About the update
Your update makes all sense, because if B could know what state system A is by just measuring his system very often is related to the problem of to distinguish quantum states:
"Alice chooses a state $\left | \psi_i\right>$ from some fixed set of states $\{\left|\psi_j\right>|1\leq j\leq n\}$ known to both parties. She gives the state to Bob, whose task it is to identify the index $i$ of the state Alice has given him." -Nielsen and Chuang, pg. 86. 10th anniversary edition.
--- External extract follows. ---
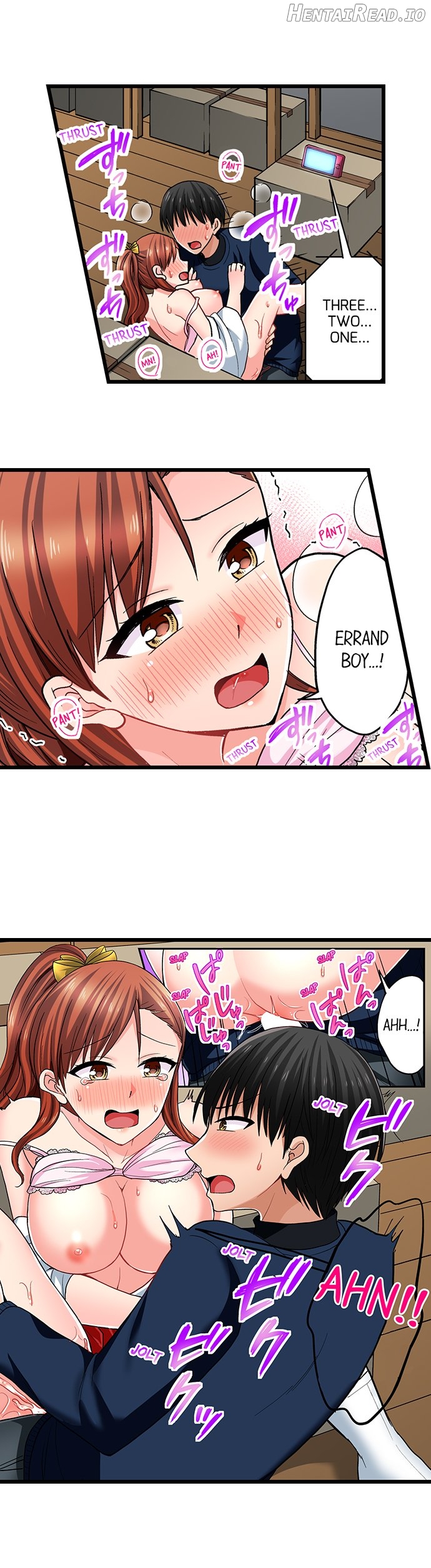 Bullied Boy’s Tongue Revenge Chapter 94 - page 2
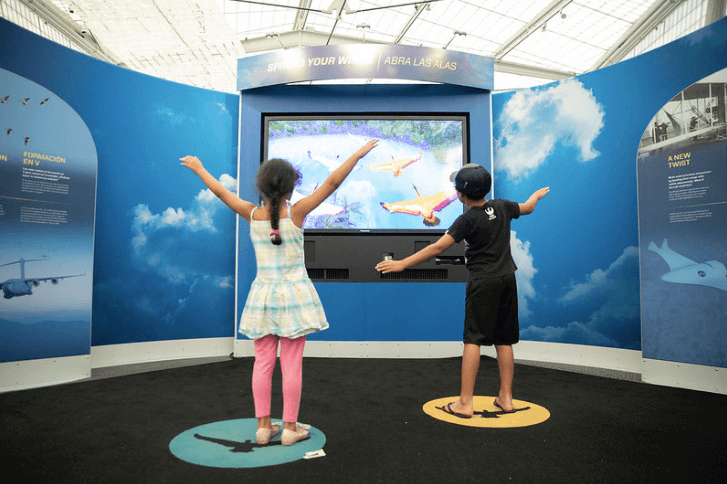 Above and Beyond at New York Hall of Science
Bob can reliably distinguish the states if and only if they are orthogonal. If they are not, the best he can do is to identify what not is the state
"However, it is possible for him to perform a measurement which
distinguishes the states some of the time, but never makes an error of mis-identification" - Nielsen and Chuang, pg. 92. 10th anniversary edition.
Look that this is true regard how many times Bob measures A, i.e., how many copies Alice send to him, because we can't say she sends the same state every time (remember the partial state of Alice is a misture of two non-orthogonal states). If Bob could build a clone machine, it would be possible to him to do local tomography and reliably distinguish the states of Alice, but this is not possible. By converse, if he could distinguish the non-orthogonal states of Alice, he can build a clone machine (Nielsen and Chuang, pg. 531. 10th anniversary edition.).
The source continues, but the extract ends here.